SBT cache in GCP Cloud Build

Alexey Novakov
SE Notes by Alexey Novakov
5 min readSep 1, 2019

Cloud Build job, as any other CI platform, may take long time to build your Java/Scala project using SBT due to downloading project dependencies from the web, until you plug some caching mechanism in. Cloud Build provides, so called builders, which is essentially a set of Docker images as steps to be used in your CI pipeline. Let’s use one of them, which consists of a pair of steps: save and restore cache.

Cache Builders

Cache builders is simple and elegant solution to take cache folder and save it into a Google Storage bucket under some name. The name of the cached archive is going to reflect current version of the project. Let’s look at this feature again later.

First we need to add both builders into our GCP Docker Registry. Let’s clone the repo and build both builders using gcloud CLI:

git clone https://github.com/GoogleCloudPlatform/cloud-builders-community.git
cd cloud-builders-community/cache
gcloud builds submit --config cloudbuild.yaml .

Above command should push both builders to your GCP registry. We can check image presence via:

gcloud container images list --filter=_cache                                                                                                                                       
NAME
gcr.io/<your proj id>/restore_cache
gcr.io/<your proj id>/save_cache

Create GS Bucket for cache

Cache builders are based on Google Storage buckets. We need to create a dedicated bucket to upload and download archived folder of SBT cache. How this looks in my GCP project:

Newly created bucket

Bucket name in my case is “sbt_cache”. We are going to use bucket name further in the cloudbuild.yaml file.

Take SBT project

I will use my own project from GitHub to demonstrate that SBT takes some time to download the dependencies. Feel free to use your project at this point, as steps we are going to add are generic.
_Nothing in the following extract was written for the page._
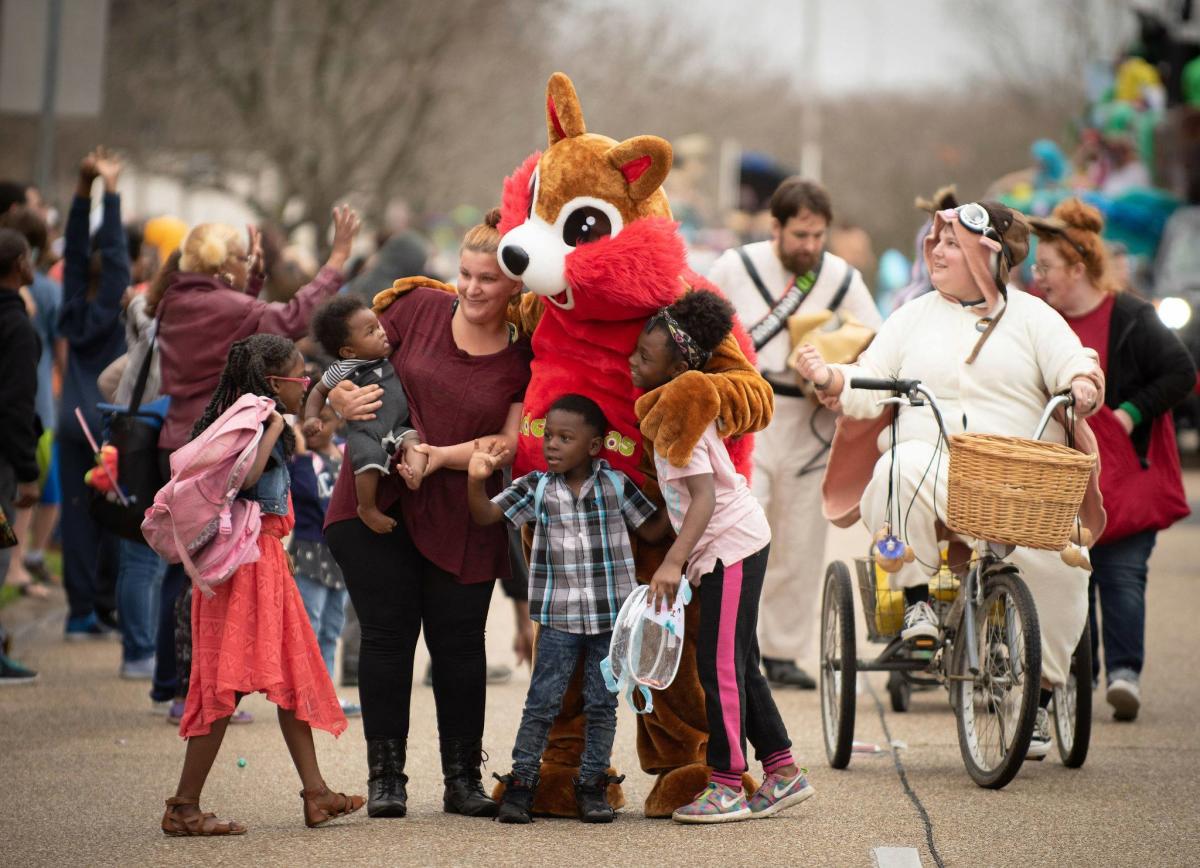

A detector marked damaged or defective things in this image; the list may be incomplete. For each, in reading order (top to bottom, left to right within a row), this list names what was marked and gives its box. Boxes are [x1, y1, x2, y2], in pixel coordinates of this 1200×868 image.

street pavement crack [864, 681, 945, 864]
Cache restore/save should work for any SBT project and any other build tool, which is using disk to cache dependencies.

As we can see akka-slick-vs-http4s-doobie-service/build.sbt has quite a few dependencies:

"org.tpolecat" %% "doobie-core"      % doobieVersion,
"org.tpolecat" %% "doobie-postgres" % doobieVersion,
"org.http4s" %% "http4s-blaze-server" % http4sVersion,
"org.http4s" %% "http4s-circe" % http4sVersion,
"org.http4s" %% "http4s-dsl" % http4sVersion,
"io.circe" %% "circe-generic" % circeVersion,
"io.circe" %% "circe-java8" % circeVersion,
"org.typelevel" %% "cats-core" % "1.4.0",
"com.typesafe.scala-logging" %% "scala-logging" % "3.9.0",
"ch.qos.logback" % "logback-classic" % "1.2.3",
"org.postgresql" % "postgresql" % "9.4-1203-jdbc4",
"com.github.pureconfig" %% "pureconfig" % "0.10.1",
"eu.timepit" %% "refined-pureconfig" % "0.9.3",
"com.typesafe.slick" %% "slick" % slickVersion,
"com.typesafe.slick" %% "slick-hikaricp" % slickVersion,
"com.typesafe.akka" %% "akka-http" % akkaHttpVersion,
"com.typesafe.akka" %% "akka-http-spray-json" % akkaHttpVersion,
"com.typesafe.akka" %% "akka-stream" % akkaVersion,
"com.typesafe.akka" %% "akka-http-testkit" % akkaHttpVersion % Test,
"com.typesafe.akka" %% "akka-testkit" % akkaVersion % Test,
"de.heikoseeberger" %% "akka-http-upickle" % "1.23.0",
"com.lihaoyi" %% "upickle" % upickleVersion,
"com.lihaoyi" %% "ujson" % upickleVersion,
"com.softwaremill.macwire" %% "macros" % "2.3.1",
"org.scalatest" %% "scalatest" % "3.0.5" % Test,
"com.dimafeng" %% "testcontainers-scala" % "0.20.0" % Test,
"org.testcontainers" % "postgresql" % "1.9.1" % Test,
"com.storm-enroute" %% "scalameter-core" % "0.10.1" % Test

Create cloudbuild file

steps:
- id: 'restore cache'
name
: 'gcr.io/$PROJECT_ID/restore_cache'
args
:
- '--bucket=gs://sbt_cache'
- '--key=build-cache-$( checksum build.sbt )'
waitFor
: ['-']

- id: 'check cache'
name
: 'ubuntu'
entrypoint
: 'bash'
args
:
- '-c'
- |
ls -lah /workspace/.ivy2/cache | wc -l
waitFor: ['restore cache']

- id: 'compile'
name
: 'gcr.io/$PROJECT_ID/scala-sbt'
args
: ['-ivy', '/workspace/.ivy2', 'compile', 'test']
waitFor: ['restore cache']

- id: 'check files again'
name
: 'ubuntu'
entrypoint
: 'bash'
args
:
- '-c'
- |
pwd
ls -lah
waitFor: ['compile']

- id: 'save cache'
name
: 'gcr.io/$PROJECT_ID/save_cache'
args
:
- --bucket=gs://sbt_cache
- --key=build-cache-$( checksum build.sbt )
- --path=/workspace/.ivy2/cache
- --no-clobber
waitFor: ['compile']

There are 5 steps. Two of them are just for the demo: check files & check files again. Steps logic:

  1. Download file ‘build-cache-<some-number>’ if exists and unarchive it into the current folder, which is ‘/workspace’ by default.
  2. List files in the current folder ‘/workspace’ to see whether we have cache folder around. Our archive should contain such folder ‘.ivy2/cache’ with a bunch of files, i.e. cached project libraries.
  3. Compile project by running “sbt compile” and overriding ivy2 location using ‘-ivy /workspace/.ivy2’ option. We ask SBT to look for cache inside the just unarchived folder. That is the trick.
  4. List files in the current folder to show that cache is still there to be saved in the next step.
  5. Save cache to Google Storage bucket. Moreover, it won’t be saved in case the same archive name already exists. If checksum of ‘build.sbt’ file is the same, then it means our build dependencies didn’t change, i.e. we will get the same checksum number as before. It helps to skip the same cache upload again to the bucket, if using option ‘ — no-clobber’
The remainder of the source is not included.